‘Gimme a Band! Gimme a Banana! The Carmen Miranda Story’
Through Nov. 14
Logan Fringe Arts Space: Trinidad Theatre,
1358 Florida Ave NE
In 1945, Carmen Miranda was the highest paid woman in Hollywood. A talented entertainer with a comic flair, the “Brazilian bombshell” famous for her tutti-frutti hats was a wartime favorite who rose to stardom singing, dancing and malaproppng her way through a half dozen Technicolor feel-good films. But behind the laughing façade, things were sometimes grim.

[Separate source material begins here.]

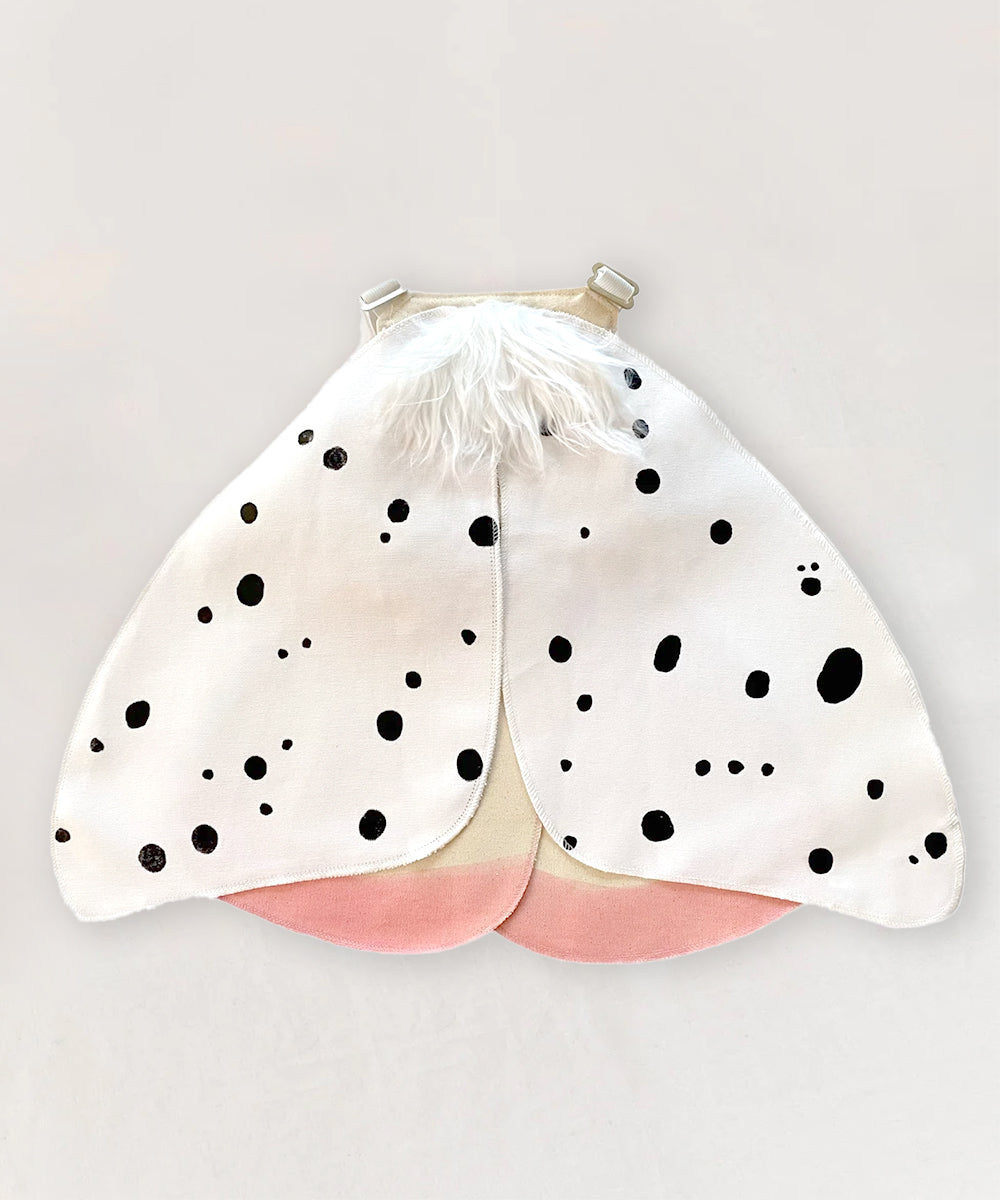 Le Leopard Moth Wings costume with white and black spots, pink accents, and fluffy white fur, shown flat on a white background.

With “Gimme a Band! Gimme a Banana!,” Pointless Theatre distills Miranda’s extraordinary bio to an engaging 60 minutes. Written by Mel Beiler and Patti Kalil and co-directed by Roberta Alves and Matt Reckeweg, the company’s latest offering unfolds lucidly and imaginatively through the sounds of samba and experimental multi-disciplinary theatre — puppetry, dance, music, mime and minimal dialogue.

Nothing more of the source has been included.